The Recruitment Debt Before the Remittance

A large remittance total does not prove workers are prosperous. An International Labour Organization project on the Vietnam–Japan corridor reports that Vietnamese migrant workers pay an average 192 million dong—about $8,000—to secure a first job in Japan. When migration begins with debt, early transfers may repay recruiters and lenders before supporting daily family life. Debt also makes it harder to leave an abusive employer.

Japan’s minimum wage, Labor Standards Act and workers’ compensation apply regardless of nationality. Language barriers, the link between visa and employer, restrictions on changing jobs and unequal information can still obstruct enforcement. Fair remittance policy begins before a transfer app: workers should not carry recruitment costs, equal-value work should receive fair pay, and contracts and payslips should be understandable.

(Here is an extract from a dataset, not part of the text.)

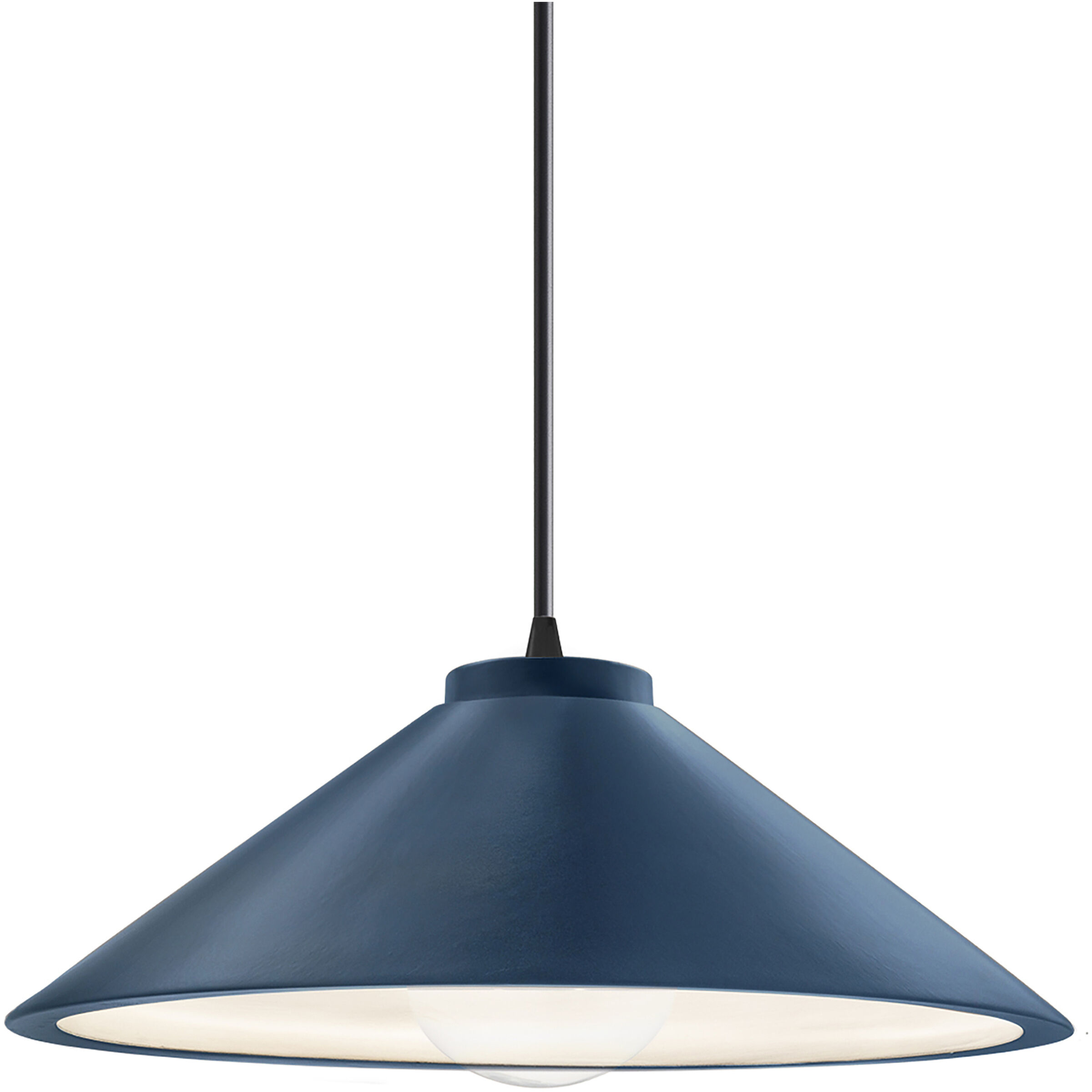 Radiance Collection LED 11.75 inch Midnight Sky with Matte Black Pendant Ceiling Light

Five Numbers to Compare Before Sending

MeasureQuestion to ask
Amount receivedExactly how much local currency reaches the family?
Total costDoes it include sending, funding, intermediary and payout fees plus the FX margin?
SpeedWhat is normal delivery—not merely the advertised fastest time—and what happens on holidays?
Payout methodAccount, cash or wallet; what travel, access and safety costs fall on the recipient?
Registration and remedyIs the provider registered in Japan, and who handles errors, delay or insolvency?

Japan’s Financial Services Agency warns that remittance services outside banks or registered funds-transfer providers are illegal. As of June 30, 2026, the FSA listed 84 registered providers. A cheap informal channel can expose a family to loss, fraud and money-laundering networks.

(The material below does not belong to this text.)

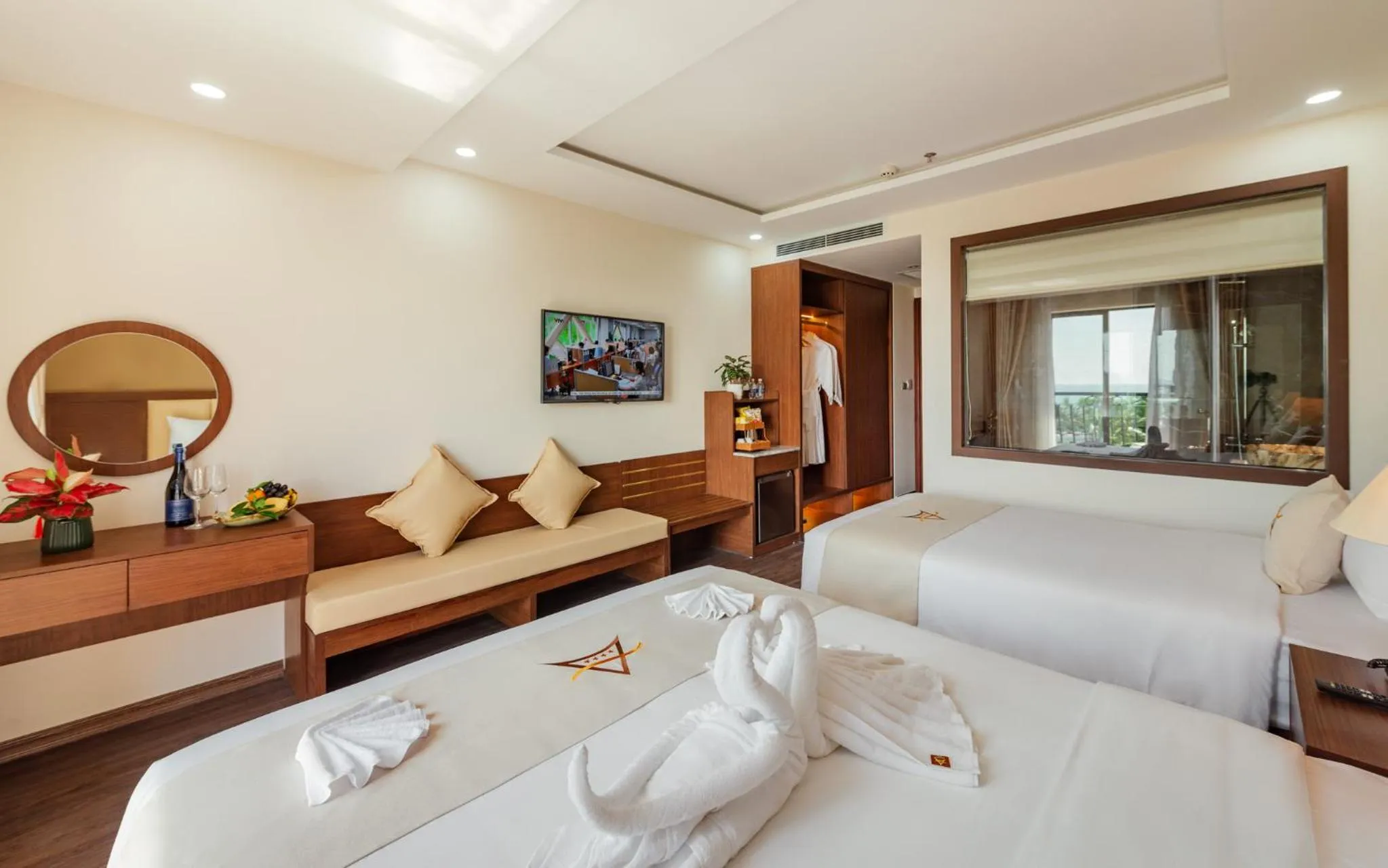 Bed in Aquasun Hotel Phu Quoc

The Questions After ¥1 Trillion

Good policy should not try to trap workers’ earnings inside Japan. It should reduce fees and hidden exchange spreads, expand access to regulated services and eliminate worker-paid recruitment costs. Pension lump-sum withdrawal and social-security agreements should be understandable. People who remain need credible routes for family unity, education, Japanese language, housing and job mobility. Settlement may increase domestic spending, but it does not erase transnational family obligations.

The data can improve too. Privacy-protected links among nationality, residence status, income bands, transfer channels and prices would help separate growth in workers from wages, exchange rates and family composition. A single aggregate cannot do that.

¥1.0039 trillion is evidence that Japan is already part of a cross-border network of labor and family life. Behind one transfer may be a care worker finishing a night shift, a factory rotation, a farm trainee, a child waiting for tuition or a parent buying medicine. The constructive response is not suspicion of the flow. It is to ensure that people can earn without debt or exploitation and use what they earn safely, transparently and at a fair price.